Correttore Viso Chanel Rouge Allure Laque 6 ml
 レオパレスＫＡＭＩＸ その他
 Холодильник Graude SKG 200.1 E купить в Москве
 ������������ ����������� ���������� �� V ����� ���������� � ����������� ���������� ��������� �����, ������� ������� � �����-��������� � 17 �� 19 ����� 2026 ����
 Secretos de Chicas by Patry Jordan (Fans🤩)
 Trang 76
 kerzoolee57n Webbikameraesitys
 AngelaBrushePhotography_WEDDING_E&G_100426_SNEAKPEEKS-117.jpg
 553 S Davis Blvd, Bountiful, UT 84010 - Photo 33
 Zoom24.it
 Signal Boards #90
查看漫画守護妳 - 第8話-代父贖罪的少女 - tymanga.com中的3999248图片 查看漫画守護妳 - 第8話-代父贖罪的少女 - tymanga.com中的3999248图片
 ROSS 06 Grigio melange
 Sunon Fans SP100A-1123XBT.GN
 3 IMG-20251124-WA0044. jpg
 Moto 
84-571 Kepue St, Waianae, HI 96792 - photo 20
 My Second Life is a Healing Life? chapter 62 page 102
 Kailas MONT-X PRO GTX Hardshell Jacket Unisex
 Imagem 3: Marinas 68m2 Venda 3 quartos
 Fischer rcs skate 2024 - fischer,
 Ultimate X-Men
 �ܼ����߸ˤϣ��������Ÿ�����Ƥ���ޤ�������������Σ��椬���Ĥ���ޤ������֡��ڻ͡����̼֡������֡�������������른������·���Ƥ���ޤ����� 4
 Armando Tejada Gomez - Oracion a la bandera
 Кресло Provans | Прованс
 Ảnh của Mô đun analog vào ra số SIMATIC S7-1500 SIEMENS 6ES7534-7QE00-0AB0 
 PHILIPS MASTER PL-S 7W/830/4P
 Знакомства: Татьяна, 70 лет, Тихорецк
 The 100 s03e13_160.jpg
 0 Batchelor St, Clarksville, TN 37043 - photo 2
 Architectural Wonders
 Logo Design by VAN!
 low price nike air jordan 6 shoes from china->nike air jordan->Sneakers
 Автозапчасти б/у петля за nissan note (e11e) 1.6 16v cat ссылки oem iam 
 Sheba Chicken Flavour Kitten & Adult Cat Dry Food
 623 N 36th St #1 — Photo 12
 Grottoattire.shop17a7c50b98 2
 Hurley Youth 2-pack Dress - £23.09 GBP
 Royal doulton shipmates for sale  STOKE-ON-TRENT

**Instructions for the task**. Reproduce, exactly and only, the lines running from the one with "623 N 36th St #1 — Photo 12" to the end of the listing above.

**Result of this exercise**.
 623 N 36th St #1 — Photo 12
 Grottoattire.shop17a7c50b98 2
 Hurley Youth 2-pack Dress - £23.09 GBP
 Royal doulton shipmates for sale  STOKE-ON-TRENT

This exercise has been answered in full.